EXERCISE MATERIALS: Begin

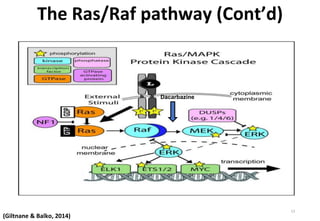 Ras And Raf Molecular signaling involved in breast cancer | PPTX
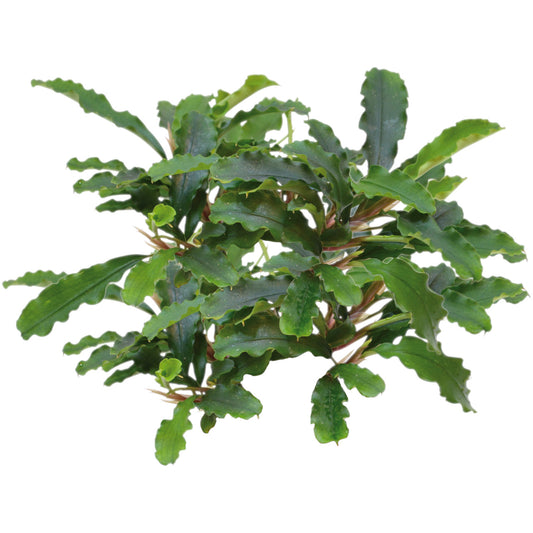 Aquafleur Bucephalandra Green Velvet Easy Grow
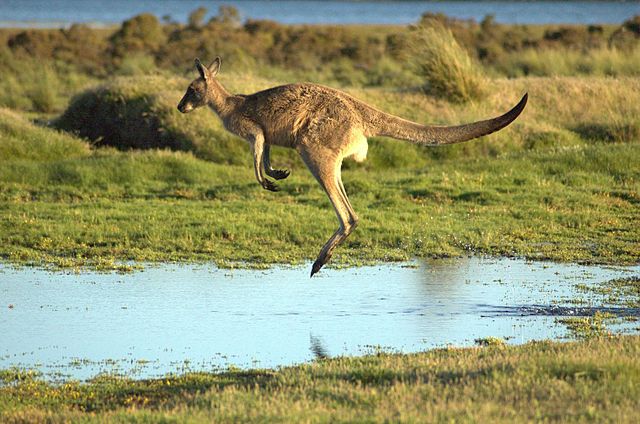 Kangaroo jumping over a puddle of water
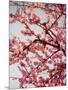 Cherry Blossoms II-Susan Bryant-Mounted Photographic Print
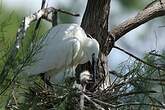 Aigrette garzette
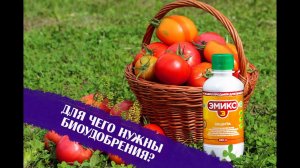 Для чего нужны биоудобрения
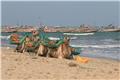 Camels at the beach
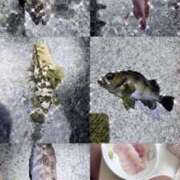 ヒメ日記 2026/05/12 18:48 投稿 体験　れな 素敵な女の子は好きですか？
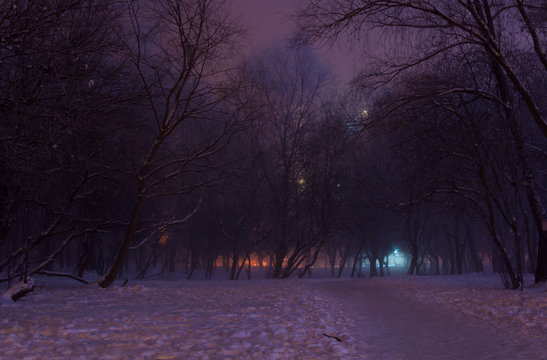 Fototapeta Foggy winter night in the park. Majestic silhouettes of high trees covered in  purple mist and orange lights. A downtrodden path leads through the snow to the mysterious and picturesque park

EXERCISE MATERIALS: End

▶ **WHAT THE TASK ASKS**
The line containing "Для чего нужны биоудобрения" and every line after it, up to the last line of the data, should be returned exactly, without the pictures.

▶ **ANSWER TO THIS PROBLEM**
 Для чего нужны биоудобрения
 Camels at the beach
 ヒメ日記 2026/05/12 18:48 投稿 体験　れな 素敵な女の子は好きですか？
 Fototapeta Foggy winter night in the park. Majestic silhouettes of high trees covered in  purple mist and orange lights. A downtrodden path leads through the snow to the mysterious and picturesque park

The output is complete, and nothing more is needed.